Quando osservo la mappa della Campania, mi fermo su nomi di luoghi e mi vengono immagini. Castellamare era per me il nome di una casa, non di una città, una casa chiara con ombre marine.
Invece Castellamare è una città dedicata al lavoro, alla costruzione dei sogni: quelli che partono in fuga sul mare, quelli che rimangono nella città natale: potere vivere del mare.
Il destino di Peppino costretto da vedere l’abbandono del cantiere, prigioniero di uno specchio dove il cielo non scorre più, dà una pena infinita, come se il sogno dei navi fosse ormai un corpo minerale, abbandonato: una luce immobile.
L’ossatura vuota di una nave fa pensare a un animale divorato dalla fame.

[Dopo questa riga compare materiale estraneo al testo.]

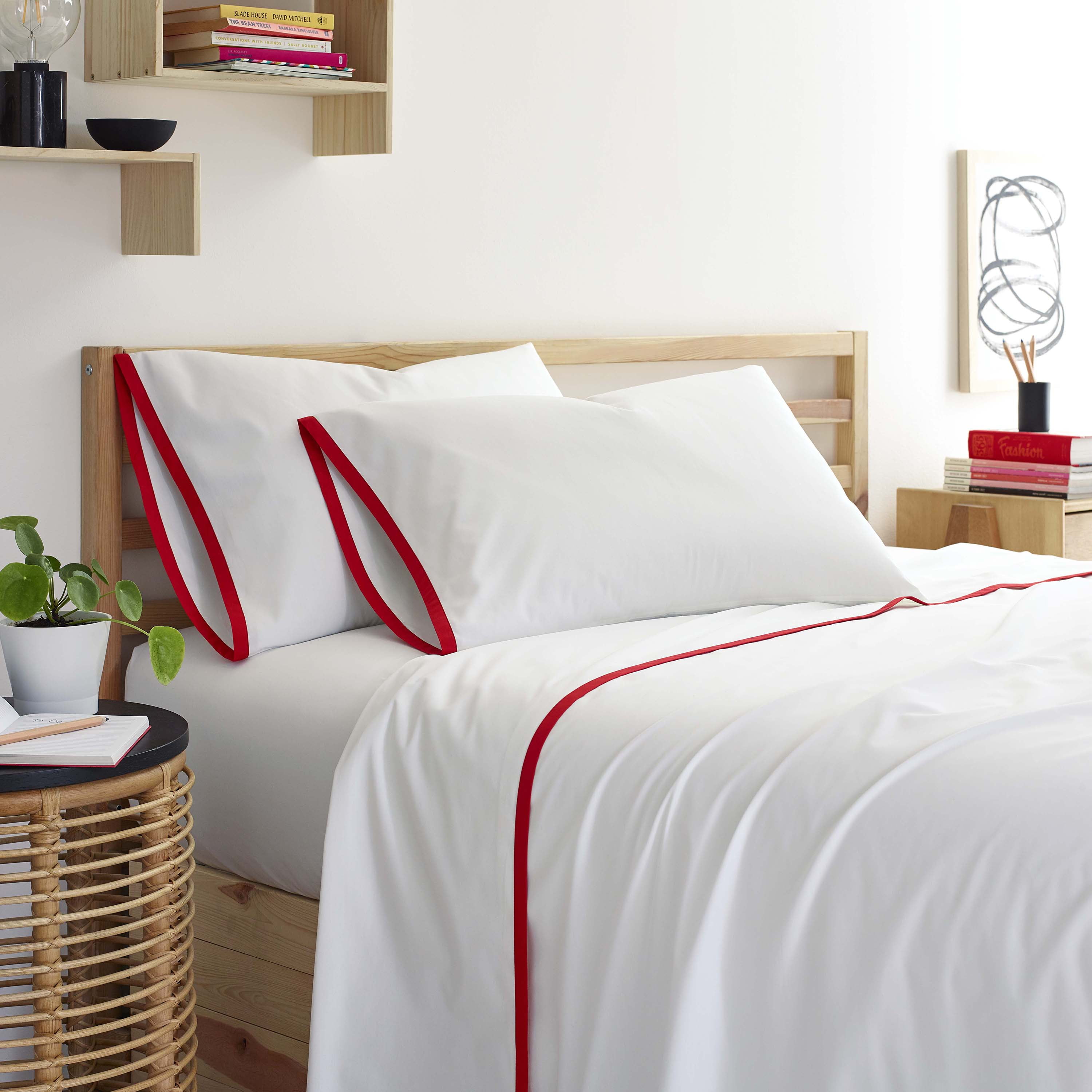 Martex Clean AF Antimicrobial Sheet Set, White/Red, Queen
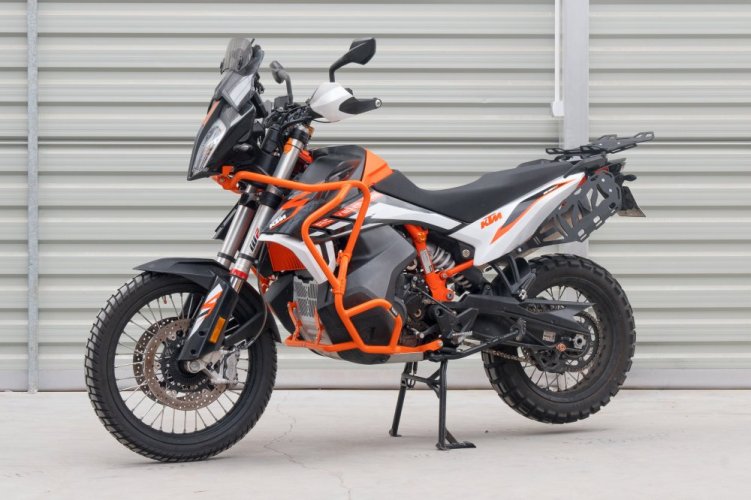 Horní padací rám oranžový. KTM 790 Adventure , KTM 890 Adventure . YAKK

Essere artigiano del mare è creare la dimenzione propria a domare lo spazio: l’oceano, il vento. La memoria dei gesti, come la memoria della sabbia natale, del porto dell’infanzia diventano creazione.
Peppino ha la memoria del ragazzo nato nel mondo marino, una memoria fatta di sale, quando sulla sabbia si immagina l’ombra nobile di una nave.
Vorrei che il sogno di Pepino sia animato, che la sua città possia svegliare del suo sonno.
Grazie a Andrea Bottalico, Roberto Saviano, Helena Janeczek.
Questo testo risponde alla memoria della ragazza che amava guardare
le navi all’orizzonte. Ormai la ragazza non è sola, vede un ragazzo che salutava anche le navi.